Bognar and Riechert were fully committed to becoming part of this close-knit group, filming the day-to-day operations of the plant for nearly three years and accruing over 1,200 hours of footage.
The results are astounding, as many of the employees there proved to be very candid and open about their experience regarding the unique economic experiment they found themselves taking part in.’
“It became routine for us to be there,” Bognar said during a recent phone interview. “As such, they would talk to us spontaneously and be very open.”
The candid comments from the workers Bognar and Reichert engage with are one of the highlights of the film, with their rawness helping to poignantly drive home the employees’ situation.

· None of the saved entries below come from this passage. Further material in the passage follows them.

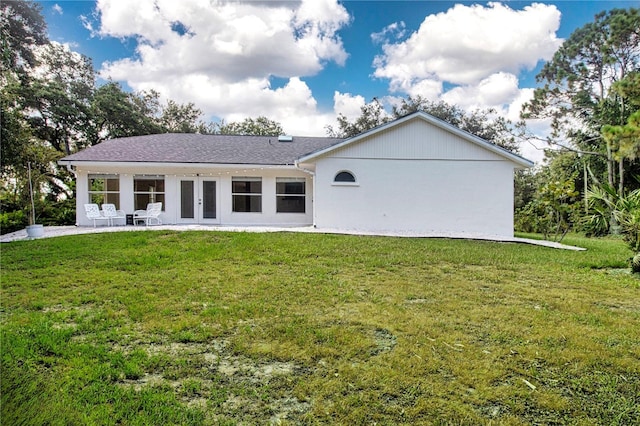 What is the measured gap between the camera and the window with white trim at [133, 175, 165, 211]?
50.2 feet

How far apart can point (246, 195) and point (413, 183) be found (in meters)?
7.21

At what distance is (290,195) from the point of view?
1603 centimetres

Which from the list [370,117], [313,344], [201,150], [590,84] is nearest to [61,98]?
[201,150]

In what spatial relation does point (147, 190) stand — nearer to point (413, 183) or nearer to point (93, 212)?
point (93, 212)

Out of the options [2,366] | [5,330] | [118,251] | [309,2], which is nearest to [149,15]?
[309,2]

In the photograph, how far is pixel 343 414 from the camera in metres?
2.66

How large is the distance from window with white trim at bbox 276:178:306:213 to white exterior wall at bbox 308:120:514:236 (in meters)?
2.33

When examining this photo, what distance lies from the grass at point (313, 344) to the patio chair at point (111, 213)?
21.7 feet

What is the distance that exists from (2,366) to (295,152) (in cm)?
1496

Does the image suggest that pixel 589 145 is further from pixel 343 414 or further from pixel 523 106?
pixel 343 414

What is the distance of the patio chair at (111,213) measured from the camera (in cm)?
1423

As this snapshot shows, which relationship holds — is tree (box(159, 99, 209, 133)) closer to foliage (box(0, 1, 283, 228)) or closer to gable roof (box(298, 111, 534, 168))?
foliage (box(0, 1, 283, 228))

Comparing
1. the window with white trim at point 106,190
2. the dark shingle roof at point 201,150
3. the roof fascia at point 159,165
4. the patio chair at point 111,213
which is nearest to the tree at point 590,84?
the dark shingle roof at point 201,150

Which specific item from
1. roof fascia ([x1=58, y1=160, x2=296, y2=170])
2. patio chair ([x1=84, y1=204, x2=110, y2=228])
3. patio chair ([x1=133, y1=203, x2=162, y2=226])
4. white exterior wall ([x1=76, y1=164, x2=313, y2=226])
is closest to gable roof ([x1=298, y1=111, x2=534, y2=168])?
roof fascia ([x1=58, y1=160, x2=296, y2=170]) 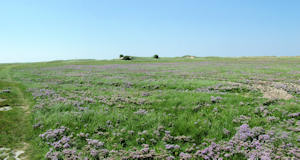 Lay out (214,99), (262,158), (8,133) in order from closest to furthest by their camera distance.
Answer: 1. (262,158)
2. (8,133)
3. (214,99)

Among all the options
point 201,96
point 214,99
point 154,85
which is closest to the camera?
point 214,99

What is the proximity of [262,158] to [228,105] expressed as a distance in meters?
5.46

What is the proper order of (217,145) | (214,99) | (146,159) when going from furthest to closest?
(214,99), (217,145), (146,159)

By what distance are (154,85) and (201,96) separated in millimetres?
6909

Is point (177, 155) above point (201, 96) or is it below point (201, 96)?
below

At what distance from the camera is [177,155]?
233 inches

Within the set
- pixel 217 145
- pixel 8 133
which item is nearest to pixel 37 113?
pixel 8 133

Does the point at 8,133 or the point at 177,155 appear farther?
the point at 8,133

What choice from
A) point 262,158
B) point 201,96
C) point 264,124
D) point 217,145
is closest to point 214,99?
point 201,96

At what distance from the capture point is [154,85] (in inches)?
720

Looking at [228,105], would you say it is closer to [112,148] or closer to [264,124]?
[264,124]

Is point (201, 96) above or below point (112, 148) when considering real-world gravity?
above

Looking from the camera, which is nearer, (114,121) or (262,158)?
(262,158)

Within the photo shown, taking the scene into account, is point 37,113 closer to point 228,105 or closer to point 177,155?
point 177,155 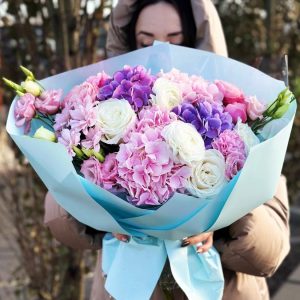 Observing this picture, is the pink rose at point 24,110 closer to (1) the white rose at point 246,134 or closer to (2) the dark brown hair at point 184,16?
(1) the white rose at point 246,134

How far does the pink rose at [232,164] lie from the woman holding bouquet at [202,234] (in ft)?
0.98

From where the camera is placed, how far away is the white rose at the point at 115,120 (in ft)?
4.48

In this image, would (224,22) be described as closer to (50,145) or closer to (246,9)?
(246,9)

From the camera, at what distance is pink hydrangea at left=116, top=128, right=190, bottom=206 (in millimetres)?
1315

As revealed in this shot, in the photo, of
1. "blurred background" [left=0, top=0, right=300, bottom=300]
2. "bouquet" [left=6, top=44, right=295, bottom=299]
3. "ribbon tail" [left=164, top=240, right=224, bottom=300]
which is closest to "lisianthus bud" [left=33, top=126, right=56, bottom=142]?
"bouquet" [left=6, top=44, right=295, bottom=299]

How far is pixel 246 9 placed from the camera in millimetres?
4598

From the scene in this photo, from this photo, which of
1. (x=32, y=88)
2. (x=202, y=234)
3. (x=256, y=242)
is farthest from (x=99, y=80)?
(x=256, y=242)

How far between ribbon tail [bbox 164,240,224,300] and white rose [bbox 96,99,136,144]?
1.24ft

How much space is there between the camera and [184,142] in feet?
4.25

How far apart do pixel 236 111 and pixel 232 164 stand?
0.18m

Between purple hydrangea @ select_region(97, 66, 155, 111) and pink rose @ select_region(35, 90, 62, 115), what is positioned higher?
purple hydrangea @ select_region(97, 66, 155, 111)

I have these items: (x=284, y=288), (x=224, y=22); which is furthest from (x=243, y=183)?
(x=224, y=22)

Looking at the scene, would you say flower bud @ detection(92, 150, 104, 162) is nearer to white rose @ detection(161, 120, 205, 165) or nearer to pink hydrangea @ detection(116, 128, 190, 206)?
pink hydrangea @ detection(116, 128, 190, 206)

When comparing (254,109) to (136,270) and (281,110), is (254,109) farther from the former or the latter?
(136,270) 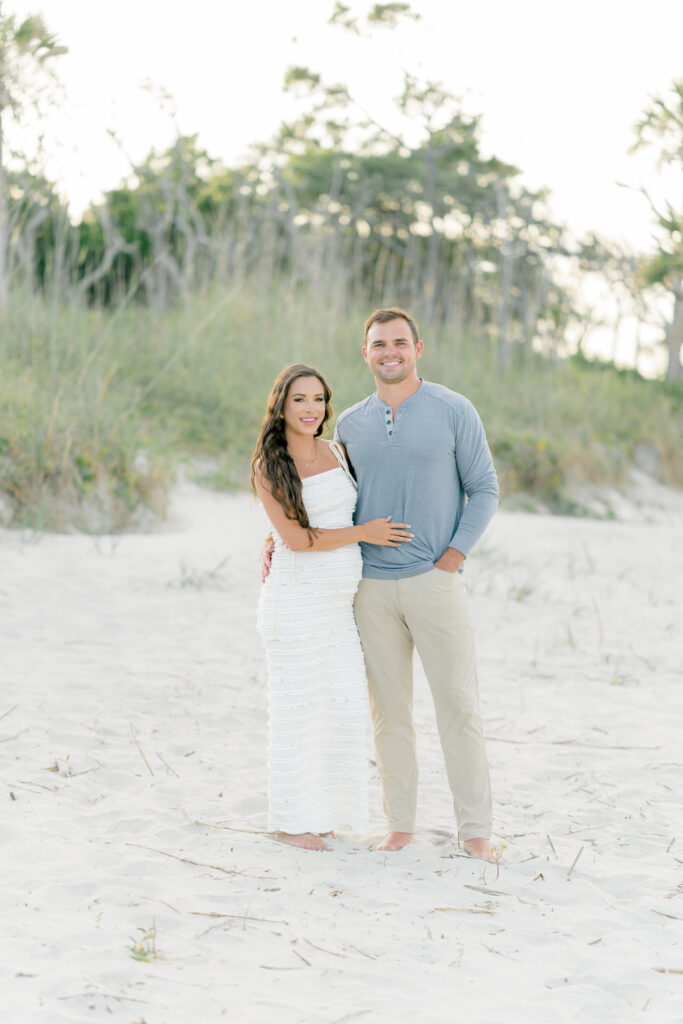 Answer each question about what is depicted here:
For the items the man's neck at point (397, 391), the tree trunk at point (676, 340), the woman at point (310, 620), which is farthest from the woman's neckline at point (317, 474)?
the tree trunk at point (676, 340)

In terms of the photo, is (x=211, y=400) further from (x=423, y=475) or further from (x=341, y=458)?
(x=423, y=475)

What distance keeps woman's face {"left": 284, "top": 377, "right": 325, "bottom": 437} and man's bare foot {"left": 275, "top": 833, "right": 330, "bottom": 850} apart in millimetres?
1390

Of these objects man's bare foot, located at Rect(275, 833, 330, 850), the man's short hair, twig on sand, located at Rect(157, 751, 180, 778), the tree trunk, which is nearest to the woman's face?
the man's short hair

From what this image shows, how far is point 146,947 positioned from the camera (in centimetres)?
268

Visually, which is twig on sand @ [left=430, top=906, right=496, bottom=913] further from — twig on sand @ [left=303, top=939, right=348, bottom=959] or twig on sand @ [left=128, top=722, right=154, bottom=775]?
twig on sand @ [left=128, top=722, right=154, bottom=775]

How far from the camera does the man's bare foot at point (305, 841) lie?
11.4ft

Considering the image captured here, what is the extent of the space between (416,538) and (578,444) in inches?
419

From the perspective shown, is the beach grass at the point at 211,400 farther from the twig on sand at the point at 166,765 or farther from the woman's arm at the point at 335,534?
the woman's arm at the point at 335,534

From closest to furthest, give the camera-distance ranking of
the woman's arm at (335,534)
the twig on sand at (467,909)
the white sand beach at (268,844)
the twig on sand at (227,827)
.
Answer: the white sand beach at (268,844) < the twig on sand at (467,909) < the woman's arm at (335,534) < the twig on sand at (227,827)

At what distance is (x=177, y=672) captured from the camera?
221 inches

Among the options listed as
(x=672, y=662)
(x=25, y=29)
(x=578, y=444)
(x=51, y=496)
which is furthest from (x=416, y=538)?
(x=578, y=444)

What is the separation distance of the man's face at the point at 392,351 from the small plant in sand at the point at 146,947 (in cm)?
181

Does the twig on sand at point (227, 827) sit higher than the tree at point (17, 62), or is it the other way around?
the tree at point (17, 62)

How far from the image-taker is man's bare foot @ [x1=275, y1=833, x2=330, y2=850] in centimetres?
348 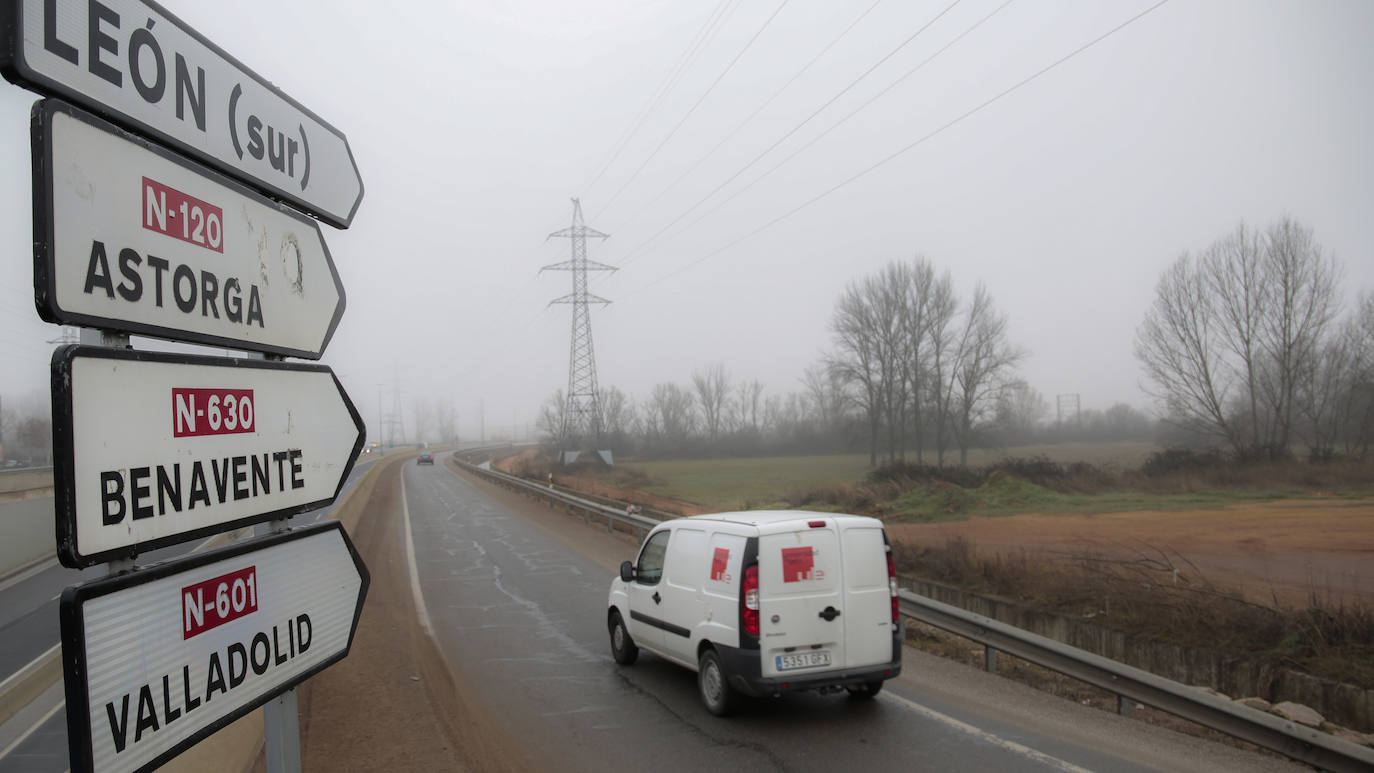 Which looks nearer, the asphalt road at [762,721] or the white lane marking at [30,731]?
the asphalt road at [762,721]

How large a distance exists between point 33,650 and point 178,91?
41.2ft

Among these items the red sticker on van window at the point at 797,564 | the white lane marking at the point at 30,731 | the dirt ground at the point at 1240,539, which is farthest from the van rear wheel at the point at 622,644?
the dirt ground at the point at 1240,539

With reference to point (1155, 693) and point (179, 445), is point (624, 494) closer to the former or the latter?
point (1155, 693)

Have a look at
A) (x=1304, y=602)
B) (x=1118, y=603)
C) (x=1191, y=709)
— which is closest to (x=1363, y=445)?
(x=1304, y=602)

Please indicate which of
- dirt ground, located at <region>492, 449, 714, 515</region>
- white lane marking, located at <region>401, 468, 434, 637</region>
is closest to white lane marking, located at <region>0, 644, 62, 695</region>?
white lane marking, located at <region>401, 468, 434, 637</region>

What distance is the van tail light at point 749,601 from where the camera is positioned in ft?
23.1

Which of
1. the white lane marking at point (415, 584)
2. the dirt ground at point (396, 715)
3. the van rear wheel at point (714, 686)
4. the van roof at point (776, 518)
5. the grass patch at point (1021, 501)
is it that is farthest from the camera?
the grass patch at point (1021, 501)

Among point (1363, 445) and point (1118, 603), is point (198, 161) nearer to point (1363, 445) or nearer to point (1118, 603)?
point (1118, 603)

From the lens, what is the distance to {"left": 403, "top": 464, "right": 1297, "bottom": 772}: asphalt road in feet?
20.6

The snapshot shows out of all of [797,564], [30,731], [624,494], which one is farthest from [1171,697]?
[624,494]

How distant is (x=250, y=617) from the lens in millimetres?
2791

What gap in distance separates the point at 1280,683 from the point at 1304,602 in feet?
13.1

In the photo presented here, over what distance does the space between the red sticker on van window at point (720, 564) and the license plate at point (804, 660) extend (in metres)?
0.88

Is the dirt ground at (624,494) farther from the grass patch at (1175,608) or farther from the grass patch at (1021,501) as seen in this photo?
the grass patch at (1175,608) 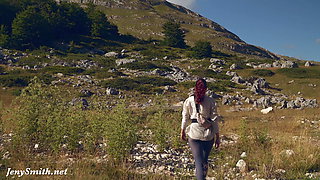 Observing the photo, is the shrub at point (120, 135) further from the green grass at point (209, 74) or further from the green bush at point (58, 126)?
the green grass at point (209, 74)

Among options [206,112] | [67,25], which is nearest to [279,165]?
[206,112]

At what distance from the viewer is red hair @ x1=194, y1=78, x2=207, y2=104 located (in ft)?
15.7

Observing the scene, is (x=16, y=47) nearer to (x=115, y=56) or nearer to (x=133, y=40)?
(x=115, y=56)

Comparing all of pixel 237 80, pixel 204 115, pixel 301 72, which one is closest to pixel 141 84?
pixel 237 80

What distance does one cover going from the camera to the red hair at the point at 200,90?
4785 millimetres

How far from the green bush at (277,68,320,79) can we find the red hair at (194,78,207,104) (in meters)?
39.5

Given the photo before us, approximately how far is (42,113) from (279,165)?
6.63 metres

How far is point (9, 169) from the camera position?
17.4 feet

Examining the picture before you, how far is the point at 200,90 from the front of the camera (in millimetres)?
4789

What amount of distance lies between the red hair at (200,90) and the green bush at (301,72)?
3946 centimetres

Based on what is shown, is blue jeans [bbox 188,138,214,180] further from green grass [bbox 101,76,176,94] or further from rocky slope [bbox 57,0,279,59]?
rocky slope [bbox 57,0,279,59]

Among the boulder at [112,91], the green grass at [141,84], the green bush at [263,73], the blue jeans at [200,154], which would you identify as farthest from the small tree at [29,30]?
the blue jeans at [200,154]

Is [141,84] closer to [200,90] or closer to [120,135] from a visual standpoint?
[120,135]

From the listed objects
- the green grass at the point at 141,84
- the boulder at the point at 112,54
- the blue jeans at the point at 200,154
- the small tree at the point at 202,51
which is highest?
the small tree at the point at 202,51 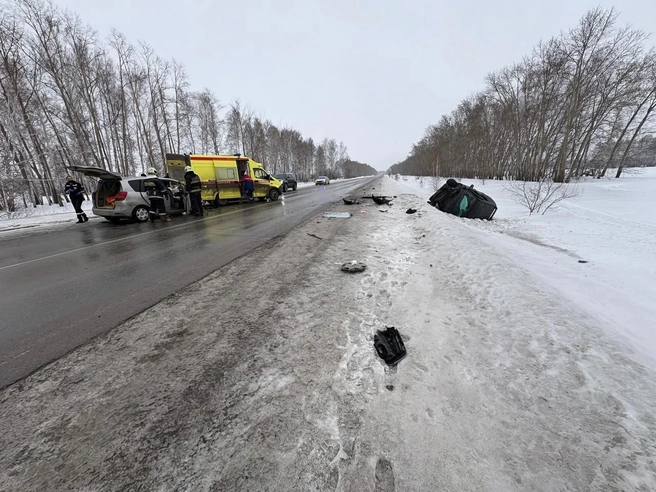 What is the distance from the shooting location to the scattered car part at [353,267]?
4.54 metres

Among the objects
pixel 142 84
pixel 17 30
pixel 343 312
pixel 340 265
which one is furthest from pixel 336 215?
pixel 142 84

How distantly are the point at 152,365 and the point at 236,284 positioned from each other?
180 cm

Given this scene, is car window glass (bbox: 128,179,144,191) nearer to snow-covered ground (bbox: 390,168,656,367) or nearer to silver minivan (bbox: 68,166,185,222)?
silver minivan (bbox: 68,166,185,222)

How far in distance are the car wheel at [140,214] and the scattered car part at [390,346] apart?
10.9 metres

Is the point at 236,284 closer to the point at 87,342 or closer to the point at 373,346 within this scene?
the point at 87,342

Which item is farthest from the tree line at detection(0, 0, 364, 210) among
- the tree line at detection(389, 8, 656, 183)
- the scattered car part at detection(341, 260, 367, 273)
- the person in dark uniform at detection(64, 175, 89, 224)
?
the tree line at detection(389, 8, 656, 183)

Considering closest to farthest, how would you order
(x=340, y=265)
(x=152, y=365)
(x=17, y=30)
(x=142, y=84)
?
(x=152, y=365) → (x=340, y=265) → (x=17, y=30) → (x=142, y=84)

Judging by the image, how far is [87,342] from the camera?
2.71 metres

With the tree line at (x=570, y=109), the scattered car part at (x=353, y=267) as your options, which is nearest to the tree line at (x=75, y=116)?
the scattered car part at (x=353, y=267)

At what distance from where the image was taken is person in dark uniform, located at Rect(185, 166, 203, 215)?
1083 cm

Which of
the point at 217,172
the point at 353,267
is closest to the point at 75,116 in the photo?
the point at 217,172

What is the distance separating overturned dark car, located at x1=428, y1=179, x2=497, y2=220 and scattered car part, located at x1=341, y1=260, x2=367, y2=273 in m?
7.47

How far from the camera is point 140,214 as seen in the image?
9.99m

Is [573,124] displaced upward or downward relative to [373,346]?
upward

After being shuttered for over seven years, the GM plant was reopened by the Chinese corporation run by Cho Tak Wong, with the promise of providing thousands of jobs with competitive wages. The factory would pair Chinese supervisors with American workers, with the expectation that it would begin showing a profit within a year of operation.
As with most best-laid plans, this one hits more than a few snags along the way, not the least of which is the clash of diverse work cultures housed in a single building. The results are confused expectations between co-workers and disappointment and anger among the American employees when everything doesn’t work out as promised and the working conditions are not what they are used to.
“Factory” meticulously chronicles how this situation plays out with a degree of intimacy that’s rare for films of this sort. What starts off as an optimistic enterprise soon devolves into an exercise in frustration for all involved, as differing expectations regarding work, company loyalty and conditions in the factory seem insurmountable.
“The turn happened when the need for profit occurred,” Bognar said. “They had expectations of a profit after one year, and that simply isn’t the model here.”
One of the ways the company addressed this issue was to send a group of American supervisors to China to observe the culture and work habits there in an attempt to make the visitors understand their employers’ intent.
“The trip to China was mindblowing,” Bognar said about one of the most unexpected turns in the process. “I didn’t appreciate their culture until we got there. The level of ambition in China is really amazing. The scale and intensity of the workers was eye-opening. They never slack off. They will work 12-hour shifts, six days a week. Many of them live in villages far away, and they only see their kids once or twice a year. It makes you wonder about the cost of their loyalty to the company.”
Bognar found that the approach towards work regarding company loyalty and hours worked weren’t the only differences that kept popping up.
“With the Chinese, there’s a level of directness,” he said. “There, when a worker is asked to do something, they simply do it. In America, if you do the same thing, they want to know why you want it done and for what reason.”
As tensions rose between the two groups and a between the American employees and management, calls to form a union arose, an event that Cho stated would result in the closing of the factory.
Amid it all, Bognar said Cho never asked him and his co-diretor to stop filming.
“He let us continue,” Bognar said. “Here is a man who has written his own autobiography that recounts not just his successes but his loses and mistakes as well. He understands the need for conflict in a story and the power of a narrative. He never asked us to stop, and I thought that was amazing and brave.”
In the end, “American Factory” offers up no easy answers to the complex problems it examines. Benefits and drawbacks are evident in each culture’s approach to work, but the one thing that is crystal clear is that in no matter what system is used, the workers are the ones who come out on the losing end.
“I hope the film asks the questions, ‘Is this the way things should be?’ ‘Is this sustainable?’” Bognar said. “In my lifetime, I’ve seen the impossible. I’ve seen the Berlin Wall fall. And I know we need a global conversation on the future of work and that working people have to be at the table.”
The film was released Aug. 21 on Netflix. Champaign’s Art Theater is hosting a free screening at 7 p.m. Sept. 11.